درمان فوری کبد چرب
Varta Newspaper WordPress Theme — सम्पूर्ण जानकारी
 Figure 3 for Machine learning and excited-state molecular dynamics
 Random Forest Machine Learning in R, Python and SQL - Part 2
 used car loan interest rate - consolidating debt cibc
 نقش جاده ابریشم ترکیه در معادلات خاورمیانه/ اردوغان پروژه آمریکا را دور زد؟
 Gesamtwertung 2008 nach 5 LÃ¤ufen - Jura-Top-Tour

-----

● **Requirement**: Respond with the lines above, from the one that holds "Figure 3 for" to the end of the listing, each repeated exactly, and with no other material.

● **Solution to the exercise**:
 Figure 3 for Machine learning and excited-state molecular dynamics
 Random Forest Machine Learning in R, Python and SQL - Part 2
 used car loan interest rate - consolidating debt cibc
 نقش جاده ابریشم ترکیه در معادلات خاورمیانه/ اردوغان پروژه آمریکا را دور زد؟
 Gesamtwertung 2008 nach 5 LÃ¤ufen - Jura-Top-Tour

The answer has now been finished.